Unfortunately, this shanty is in very bad condition. It appears that vandals are routinely trying to destroy it. There have been several fires, and several walls have been smashed. 
This shanty is very similar to the one at the Minors Memorial Park. This one had four windows, one was concreted closed at some point, two solid walls, and a door. The style is slightly different, mostly in the eave detail of the roof. If I had to guess, I would say this one is older.

View attachment 185353


View attachment 185361


View attachment 185369


View attachment 185377


View attachment 185385


View attachment 185393


----------



## Lehigh74 (Sep 25, 2015)

Thanks for sharing. It looks a lot like the one that River Leaf just made.


----------



## Lehigh74 (Sep 25, 2015)

I don’t think I ever heard of the D&H until a few years ago. MTH came out with a D&H RS3 in 2011 and I bought it because it just looks so good. Since then, I’ve been a D&H fan. I really enjoy seeing vestiges of the past and a few years ago, I went looking for traces of the D&H gravity RR and canal. Met a historian in Carbondale who said that most vestiges of the gravity RR are on private property now, but we did manage to see bits of the canal between Waymart and Cuddebackville including the Roebling Aqueduct.


----------



## gunrunnerjohn (Nov 10, 2010)

Lehigh74 said:


> I don’t think I ever heard of the D&H until a few years ago.


Wash your mouth out!


----------



## Don F (Dec 5, 2015)

Lehigh74 said:


> Thanks for sharing. It looks a lot like the one that River Leaf just made.

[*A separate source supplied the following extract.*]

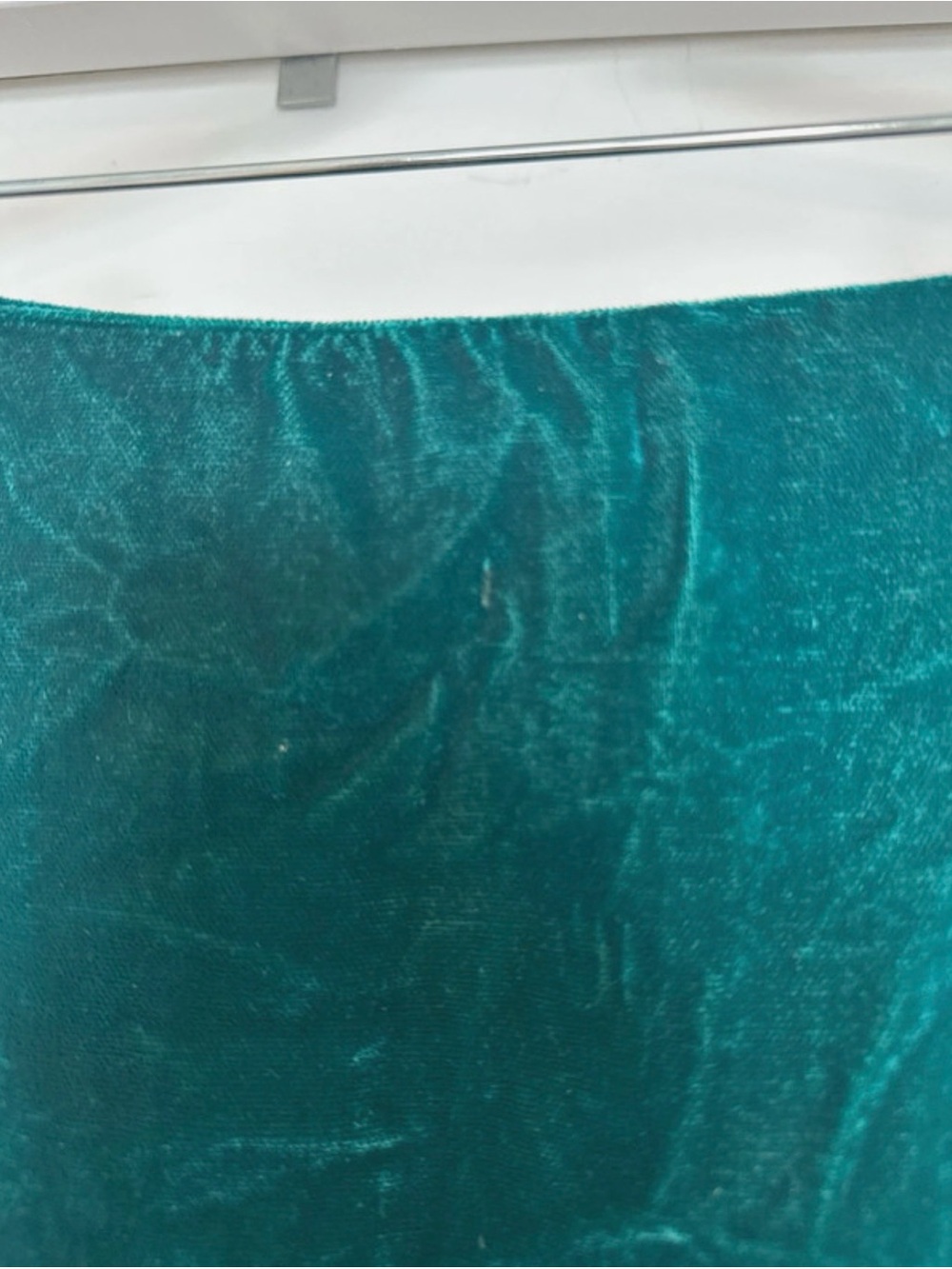 Free People Teal Velvet Mini Skirt - Picture 3 of 5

It's very similar, it might be a little older.
Don


----------



## gunrunnerjohn (Nov 10, 2010)

Well Don, It's certainly aged more!


----------



## Don F (Dec 5, 2015)

That's man made weathering! I got a reply from a member of the Plymouth Historical Society stating they'd love to have this at a minors memorial site not far from where it is now, but have limited funds. I suggested they at least move it to safer ground. This major damage to the concrete was done between October and now. Too bad folks don't realize what they're destroying.
Don


----------



## Don F (Dec 5, 2015)

I was corrected on the RR, it was the Delaware Lackawanna and Western. Someone told me it was D&H, but that may have been later.
Don


----------



## Patrick1544 (Apr 27, 2013)

Really?


----------